[DATASET EXCERPTS — start]

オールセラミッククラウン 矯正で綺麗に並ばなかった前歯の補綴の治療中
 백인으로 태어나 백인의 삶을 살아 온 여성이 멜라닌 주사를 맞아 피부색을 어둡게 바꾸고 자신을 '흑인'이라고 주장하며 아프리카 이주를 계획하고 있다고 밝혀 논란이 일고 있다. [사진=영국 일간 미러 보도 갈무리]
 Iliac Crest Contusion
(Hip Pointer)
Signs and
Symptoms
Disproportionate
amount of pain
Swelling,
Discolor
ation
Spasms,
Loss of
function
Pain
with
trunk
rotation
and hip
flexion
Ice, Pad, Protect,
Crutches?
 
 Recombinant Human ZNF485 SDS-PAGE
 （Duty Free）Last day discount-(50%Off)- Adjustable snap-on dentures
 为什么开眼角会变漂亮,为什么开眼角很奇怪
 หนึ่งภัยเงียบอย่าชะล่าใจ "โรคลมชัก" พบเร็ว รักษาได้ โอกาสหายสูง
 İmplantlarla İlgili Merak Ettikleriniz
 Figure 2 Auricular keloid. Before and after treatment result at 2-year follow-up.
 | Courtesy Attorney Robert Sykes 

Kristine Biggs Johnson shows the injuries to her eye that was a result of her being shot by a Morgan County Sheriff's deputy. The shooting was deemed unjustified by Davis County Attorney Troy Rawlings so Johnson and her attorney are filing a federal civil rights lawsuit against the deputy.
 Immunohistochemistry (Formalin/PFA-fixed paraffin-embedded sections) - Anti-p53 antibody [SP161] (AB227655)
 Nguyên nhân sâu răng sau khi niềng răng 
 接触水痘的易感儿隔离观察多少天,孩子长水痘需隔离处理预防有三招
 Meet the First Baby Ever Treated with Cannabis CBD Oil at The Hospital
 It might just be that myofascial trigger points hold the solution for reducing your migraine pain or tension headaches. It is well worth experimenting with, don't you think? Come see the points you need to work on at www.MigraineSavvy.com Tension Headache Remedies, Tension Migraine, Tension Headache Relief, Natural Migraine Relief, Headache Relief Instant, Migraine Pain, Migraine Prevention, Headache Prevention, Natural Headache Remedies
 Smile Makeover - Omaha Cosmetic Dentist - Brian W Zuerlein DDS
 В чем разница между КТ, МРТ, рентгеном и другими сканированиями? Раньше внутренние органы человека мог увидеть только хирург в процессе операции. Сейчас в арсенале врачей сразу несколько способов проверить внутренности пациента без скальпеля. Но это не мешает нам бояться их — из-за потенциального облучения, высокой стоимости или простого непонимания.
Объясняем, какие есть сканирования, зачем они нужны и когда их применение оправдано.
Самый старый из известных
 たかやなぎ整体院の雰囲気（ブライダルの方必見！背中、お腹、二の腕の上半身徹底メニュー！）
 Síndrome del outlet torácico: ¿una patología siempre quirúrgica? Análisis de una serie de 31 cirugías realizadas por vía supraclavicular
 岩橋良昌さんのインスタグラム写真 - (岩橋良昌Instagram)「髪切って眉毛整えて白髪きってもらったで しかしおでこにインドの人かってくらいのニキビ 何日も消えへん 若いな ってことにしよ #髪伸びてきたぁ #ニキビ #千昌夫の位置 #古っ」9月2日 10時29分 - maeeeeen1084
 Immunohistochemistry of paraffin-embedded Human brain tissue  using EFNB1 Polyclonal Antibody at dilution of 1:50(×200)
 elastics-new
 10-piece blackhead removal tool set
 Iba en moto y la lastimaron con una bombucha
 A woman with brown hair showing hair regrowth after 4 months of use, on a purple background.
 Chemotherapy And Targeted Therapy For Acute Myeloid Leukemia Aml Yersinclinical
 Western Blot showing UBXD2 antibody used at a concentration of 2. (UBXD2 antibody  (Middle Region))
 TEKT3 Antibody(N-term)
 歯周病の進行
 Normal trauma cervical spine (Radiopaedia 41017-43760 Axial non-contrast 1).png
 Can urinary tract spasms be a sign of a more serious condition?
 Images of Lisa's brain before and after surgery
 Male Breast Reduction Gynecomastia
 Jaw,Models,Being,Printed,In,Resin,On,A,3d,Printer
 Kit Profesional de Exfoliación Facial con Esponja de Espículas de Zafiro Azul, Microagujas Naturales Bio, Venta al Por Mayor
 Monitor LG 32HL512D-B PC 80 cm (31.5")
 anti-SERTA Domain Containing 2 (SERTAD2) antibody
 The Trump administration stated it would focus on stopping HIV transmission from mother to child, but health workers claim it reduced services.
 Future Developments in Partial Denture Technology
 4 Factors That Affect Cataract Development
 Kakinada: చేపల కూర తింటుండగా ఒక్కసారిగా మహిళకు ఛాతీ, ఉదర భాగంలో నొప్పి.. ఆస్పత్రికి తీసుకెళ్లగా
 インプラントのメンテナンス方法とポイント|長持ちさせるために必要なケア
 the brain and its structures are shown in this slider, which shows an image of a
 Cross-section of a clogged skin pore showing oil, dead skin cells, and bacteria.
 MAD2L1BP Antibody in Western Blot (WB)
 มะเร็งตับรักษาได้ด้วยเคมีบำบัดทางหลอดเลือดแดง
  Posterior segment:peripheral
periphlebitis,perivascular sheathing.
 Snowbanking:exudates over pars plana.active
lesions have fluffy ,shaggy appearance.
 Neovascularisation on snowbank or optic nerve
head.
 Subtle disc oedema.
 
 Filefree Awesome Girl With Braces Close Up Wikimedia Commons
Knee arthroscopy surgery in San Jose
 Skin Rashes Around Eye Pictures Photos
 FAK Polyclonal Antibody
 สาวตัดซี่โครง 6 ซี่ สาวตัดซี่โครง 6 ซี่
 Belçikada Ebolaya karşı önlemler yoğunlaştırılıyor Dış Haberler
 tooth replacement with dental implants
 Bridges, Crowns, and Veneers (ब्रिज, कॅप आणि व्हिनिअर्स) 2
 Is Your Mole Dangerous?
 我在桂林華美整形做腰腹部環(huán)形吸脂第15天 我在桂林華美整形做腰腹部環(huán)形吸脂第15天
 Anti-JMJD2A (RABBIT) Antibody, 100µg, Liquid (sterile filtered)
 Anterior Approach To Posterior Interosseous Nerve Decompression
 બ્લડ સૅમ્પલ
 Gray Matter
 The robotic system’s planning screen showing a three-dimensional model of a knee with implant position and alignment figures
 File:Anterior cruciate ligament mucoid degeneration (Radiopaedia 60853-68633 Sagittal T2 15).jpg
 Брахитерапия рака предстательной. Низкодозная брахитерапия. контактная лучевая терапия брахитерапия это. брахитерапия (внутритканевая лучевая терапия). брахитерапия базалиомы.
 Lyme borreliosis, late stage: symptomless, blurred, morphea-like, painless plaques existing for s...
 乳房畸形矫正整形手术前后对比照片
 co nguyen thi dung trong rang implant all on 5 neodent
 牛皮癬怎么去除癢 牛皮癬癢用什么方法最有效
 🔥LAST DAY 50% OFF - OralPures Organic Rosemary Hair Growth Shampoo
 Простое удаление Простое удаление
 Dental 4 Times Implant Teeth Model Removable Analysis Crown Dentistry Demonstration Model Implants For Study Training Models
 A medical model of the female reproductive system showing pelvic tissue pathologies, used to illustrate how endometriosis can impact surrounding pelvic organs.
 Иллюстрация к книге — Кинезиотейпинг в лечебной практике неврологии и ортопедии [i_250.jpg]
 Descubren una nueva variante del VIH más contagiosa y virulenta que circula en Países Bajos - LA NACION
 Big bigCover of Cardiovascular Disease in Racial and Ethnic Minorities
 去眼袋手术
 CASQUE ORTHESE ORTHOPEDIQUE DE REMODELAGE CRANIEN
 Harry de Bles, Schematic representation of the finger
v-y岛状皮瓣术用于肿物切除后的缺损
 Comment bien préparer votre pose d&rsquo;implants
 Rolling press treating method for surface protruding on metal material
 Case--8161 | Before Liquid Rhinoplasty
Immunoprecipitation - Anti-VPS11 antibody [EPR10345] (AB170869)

[DATASET EXCERPTS — finish]

- _REQUIRED ACTION_:
Retype the material above in full, exactly.

- _TASK ANSWER_:
オールセラミッククラウン 矯正で綺麗に並ばなかった前歯の補綴の治療中
 백인으로 태어나 백인의 삶을 살아 온 여성이 멜라닌 주사를 맞아 피부색을 어둡게 바꾸고 자신을 '흑인'이라고 주장하며 아프리카 이주를 계획하고 있다고 밝혀 논란이 일고 있다. [사진=영국 일간 미러 보도 갈무리]
 Iliac Crest Contusion
(Hip Pointer)
Signs and
Symptoms
Disproportionate
amount of pain
Swelling,
Discolor
ation
Spasms,
Loss of
function
Pain
with
trunk
rotation
and hip
flexion
Ice, Pad, Protect,
Crutches?
 
 Recombinant Human ZNF485 SDS-PAGE
 （Duty Free）Last day discount-(50%Off)- Adjustable snap-on dentures
 为什么开眼角会变漂亮,为什么开眼角很奇怪
 หนึ่งภัยเงียบอย่าชะล่าใจ "โรคลมชัก" พบเร็ว รักษาได้ โอกาสหายสูง
 İmplantlarla İlgili Merak Ettikleriniz
 Figure 2 Auricular keloid. Before and after treatment result at 2-year follow-up.
 | Courtesy Attorney Robert Sykes 

Kristine Biggs Johnson shows the injuries to her eye that was a result of her being shot by a Morgan County Sheriff's deputy. The shooting was deemed unjustified by Davis County Attorney Troy Rawlings so Johnson and her attorney are filing a federal civil rights lawsuit against the deputy.
 Immunohistochemistry (Formalin/PFA-fixed paraffin-embedded sections) - Anti-p53 antibody [SP161] (AB227655)
 Nguyên nhân sâu răng sau khi niềng răng 
 接触水痘的易感儿隔离观察多少天,孩子长水痘需隔离处理预防有三招
 Meet the First Baby Ever Treated with Cannabis CBD Oil at The Hospital
 It might just be that myofascial trigger points hold the solution for reducing your migraine pain or tension headaches. It is well worth experimenting with, don't you think? Come see the points you need to work on at www.MigraineSavvy.com Tension Headache Remedies, Tension Migraine, Tension Headache Relief, Natural Migraine Relief, Headache Relief Instant, Migraine Pain, Migraine Prevention, Headache Prevention, Natural Headache Remedies
 Smile Makeover - Omaha Cosmetic Dentist - Brian W Zuerlein DDS
 В чем разница между КТ, МРТ, рентгеном и другими сканированиями? Раньше внутренние органы человека мог увидеть только хирург в процессе операции. Сейчас в арсенале врачей сразу несколько способов проверить внутренности пациента без скальпеля. Но это не мешает нам бояться их — из-за потенциального облучения, высокой стоимости или простого непонимания.
Объясняем, какие есть сканирования, зачем они нужны и когда их применение оправдано.
Самый старый из известных
 たかやなぎ整体院の雰囲気（ブライダルの方必見！背中、お腹、二の腕の上半身徹底メニュー！）
 Síndrome del outlet torácico: ¿una patología siempre quirúrgica? Análisis de una serie de 31 cirugías realizadas por vía supraclavicular
 岩橋良昌さんのインスタグラム写真 - (岩橋良昌Instagram)「髪切って眉毛整えて白髪きってもらったで しかしおでこにインドの人かってくらいのニキビ 何日も消えへん 若いな ってことにしよ #髪伸びてきたぁ #ニキビ #千昌夫の位置 #古っ」9月2日 10時29分 - maeeeeen1084
 Immunohistochemistry of paraffin-embedded Human brain tissue  using EFNB1 Polyclonal Antibody at dilution of 1:50(×200)
 elastics-new
 10-piece blackhead removal tool set
 Iba en moto y la lastimaron con una bombucha
 A woman with brown hair showing hair regrowth after 4 months of use, on a purple background.
 Chemotherapy And Targeted Therapy For Acute Myeloid Leukemia Aml Yersinclinical
 Western Blot showing UBXD2 antibody used at a concentration of 2. (UBXD2 antibody  (Middle Region))
 TEKT3 Antibody(N-term)
 歯周病の進行
 Normal trauma cervical spine (Radiopaedia 41017-43760 Axial non-contrast 1).png
 Can urinary tract spasms be a sign of a more serious condition?
 Images of Lisa's brain before and after surgery
 Male Breast Reduction Gynecomastia
 Jaw,Models,Being,Printed,In,Resin,On,A,3d,Printer
 Kit Profesional de Exfoliación Facial con Esponja de Espículas de Zafiro Azul, Microagujas Naturales Bio, Venta al Por Mayor
 Monitor LG 32HL512D-B PC 80 cm (31.5")
 anti-SERTA Domain Containing 2 (SERTAD2) antibody
 The Trump administration stated it would focus on stopping HIV transmission from mother to child, but health workers claim it reduced services.
 Future Developments in Partial Denture Technology
 4 Factors That Affect Cataract Development
 Kakinada: చేపల కూర తింటుండగా ఒక్కసారిగా మహిళకు ఛాతీ, ఉదర భాగంలో నొప్పి.. ఆస్పత్రికి తీసుకెళ్లగా
 インプラントのメンテナンス方法とポイント|長持ちさせるために必要なケア
 the brain and its structures are shown in this slider, which shows an image of a
 Cross-section of a clogged skin pore showing oil, dead skin cells, and bacteria.
 MAD2L1BP Antibody in Western Blot (WB)
 มะเร็งตับรักษาได้ด้วยเคมีบำบัดทางหลอดเลือดแดง
  Posterior segment:peripheral
periphlebitis,perivascular sheathing.
 Snowbanking:exudates over pars plana.active
lesions have fluffy ,shaggy appearance.
 Neovascularisation on snowbank or optic nerve
head.
 Subtle disc oedema.
 
 Filefree Awesome Girl With Braces Close Up Wikimedia Commons
Knee arthroscopy surgery in San Jose
 Skin Rashes Around Eye Pictures Photos
 FAK Polyclonal Antibody
 สาวตัดซี่โครง 6 ซี่ สาวตัดซี่โครง 6 ซี่
 Belçikada Ebolaya karşı önlemler yoğunlaştırılıyor Dış Haberler
 tooth replacement with dental implants
 Bridges, Crowns, and Veneers (ब्रिज, कॅप आणि व्हिनिअर्स) 2
 Is Your Mole Dangerous?
 我在桂林華美整形做腰腹部環(huán)形吸脂第15天 我在桂林華美整形做腰腹部環(huán)形吸脂第15天
 Anti-JMJD2A (RABBIT) Antibody, 100µg, Liquid (sterile filtered)
 Anterior Approach To Posterior Interosseous Nerve Decompression
 બ્લડ સૅમ્પલ
 Gray Matter
 The robotic system’s planning screen showing a three-dimensional model of a knee with implant position and alignment figures
 File:Anterior cruciate ligament mucoid degeneration (Radiopaedia 60853-68633 Sagittal T2 15).jpg
 Брахитерапия рака предстательной. Низкодозная брахитерапия. контактная лучевая терапия брахитерапия это. брахитерапия (внутритканевая лучевая терапия). брахитерапия базалиомы.
 Lyme borreliosis, late stage: symptomless, blurred, morphea-like, painless plaques existing for s...
 乳房畸形矫正整形手术前后对比照片
 co nguyen thi dung trong rang implant all on 5 neodent
 牛皮癬怎么去除癢 牛皮癬癢用什么方法最有效
 🔥LAST DAY 50% OFF - OralPures Organic Rosemary Hair Growth Shampoo
 Простое удаление Простое удаление
 Dental 4 Times Implant Teeth Model Removable Analysis Crown Dentistry Demonstration Model Implants For Study Training Models
 A medical model of the female reproductive system showing pelvic tissue pathologies, used to illustrate how endometriosis can impact surrounding pelvic organs.
 Иллюстрация к книге — Кинезиотейпинг в лечебной практике неврологии и ортопедии [i_250.jpg]
 Descubren una nueva variante del VIH más contagiosa y virulenta que circula en Países Bajos - LA NACION
 Big bigCover of Cardiovascular Disease in Racial and Ethnic Minorities
 去眼袋手术
 CASQUE ORTHESE ORTHOPEDIQUE DE REMODELAGE CRANIEN
 Harry de Bles, Schematic representation of the finger
v-y岛状皮瓣术用于肿物切除后的缺损
 Comment bien préparer votre pose d&rsquo;implants
 Rolling press treating method for surface protruding on metal material
 Case--8161 | Before Liquid Rhinoplasty
Immunoprecipitation - Anti-VPS11 antibody [EPR10345] (AB170869)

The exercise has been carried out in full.